- AUD/USD remains range bound in a choppy range after two-day uptrend to weekly top.
- Australia’s Construction Work Done drops below 2.5% forecast to 0.8% in Q2.
- Market sentiment dwindles amid pre-Jackson Hole Symposium caution, mixed covid updates and a light calendar.
- US Durable Goods Orders, qualitative factors may entertain traders but nothing important than Powell’s speech.
AUD/USD seesaws inside the 15-pip range, down 0.08% near 0.7552 during early Wednesday. The Aussie pair cheered risk-on mood during the last two days to recover from the yearly low. However, the latest challenge to the risk appetite and downbeat Aussie data, coupled with inactive markets, seem to question the pair buyers of late.
Australia Construction Work Done dropped below 2.5% market consensus and 2.8% previous readouts to 0.8% during the latest readings for the second quarter (Q2). While being the key component to the GDP, the data offers an additional excuse to the Reserve Bank of Australia (RBA) while defending the easy money policy.
In addition to the data, coronavirus updates also challenge the AUD/USD bulls. While ABC News mentions the record high infections in Australia, mainly led by the New South Wales (NSW), China’s Hunan Province removed all traffic checkpoints and resumed normal public traffic after the city is declared low-risk from COVID-19 per the Global Times.
It’s worth noting that the US Health Official Dr. Anthony Fauci’s expectations to get the COVID-19 under control during early 2022, provided faster jabbing, battles multi-day high death tolls and rising infections in the developed nations.
Other than the covid updates and data, geopolitical chatters relating to Afghanistan and China, as well as cautious mood ahead of the key Jackson Hole Symposium even challenge the Aussie pair moves due to its risk barometer status.
Against this backdrop, the US stock futures struggle for a clear direction after an upbeat Wall Street close.

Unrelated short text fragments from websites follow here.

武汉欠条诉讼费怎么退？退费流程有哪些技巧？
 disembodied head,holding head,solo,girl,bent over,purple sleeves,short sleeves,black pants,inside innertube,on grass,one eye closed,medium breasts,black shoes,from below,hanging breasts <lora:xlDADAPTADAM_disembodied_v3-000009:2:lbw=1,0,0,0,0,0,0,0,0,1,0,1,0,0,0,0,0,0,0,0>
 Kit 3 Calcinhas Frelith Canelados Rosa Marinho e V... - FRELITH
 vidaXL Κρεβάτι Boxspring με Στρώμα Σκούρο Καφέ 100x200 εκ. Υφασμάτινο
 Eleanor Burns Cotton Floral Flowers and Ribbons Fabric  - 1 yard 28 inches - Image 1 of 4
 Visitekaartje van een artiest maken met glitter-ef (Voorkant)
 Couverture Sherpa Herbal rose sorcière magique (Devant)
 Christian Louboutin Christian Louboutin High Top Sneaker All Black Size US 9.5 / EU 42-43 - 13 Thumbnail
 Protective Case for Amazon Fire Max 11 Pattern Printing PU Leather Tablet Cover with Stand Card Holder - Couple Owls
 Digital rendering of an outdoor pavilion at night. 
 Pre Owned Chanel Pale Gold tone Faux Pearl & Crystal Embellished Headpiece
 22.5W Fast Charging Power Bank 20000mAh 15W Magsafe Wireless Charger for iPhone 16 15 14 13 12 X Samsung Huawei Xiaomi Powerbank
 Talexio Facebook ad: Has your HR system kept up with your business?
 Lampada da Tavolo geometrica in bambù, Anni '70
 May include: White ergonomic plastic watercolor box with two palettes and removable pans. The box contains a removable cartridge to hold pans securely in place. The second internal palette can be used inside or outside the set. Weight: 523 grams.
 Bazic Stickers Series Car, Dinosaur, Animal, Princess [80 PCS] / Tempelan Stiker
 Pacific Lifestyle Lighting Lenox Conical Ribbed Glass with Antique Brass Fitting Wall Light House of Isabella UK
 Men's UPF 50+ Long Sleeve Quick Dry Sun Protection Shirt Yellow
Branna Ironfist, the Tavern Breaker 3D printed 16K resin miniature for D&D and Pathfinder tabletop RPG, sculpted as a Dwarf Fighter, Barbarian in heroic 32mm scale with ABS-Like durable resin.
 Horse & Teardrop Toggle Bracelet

Further, the US 10-year Treasury yields refresh one week top near 1.30% by the press time after rising the most in two weeks the previous day.
Moving on, AUD/USD traders will have to pay close attention to the risk catalysts for clear direction. Additionally, the US Durable Goods Orders for July, forecast -0.3% versus +0.9% prior, should also be watched for further firming up odds favoring the need for easy money policies, which in turn could recall the buyers if matching downbeat forecasts.
Read: Durable Goods Orders Preview: The trigger for a greenback comeback?
Technical analysis
Unless dropping back below October 2020 tops surrounding 0.7245-40, AUD/USD remains capable of meeting July’s low surrounding 0.7290 and a downward sloping trend line from June 25, near 0.7335. Meanwhile, a downside break of 0.7240 will recall the bears to aim for October 26, 2020, swing high close to 0.7180 before dropping towards the yearly bottom of 0.7105.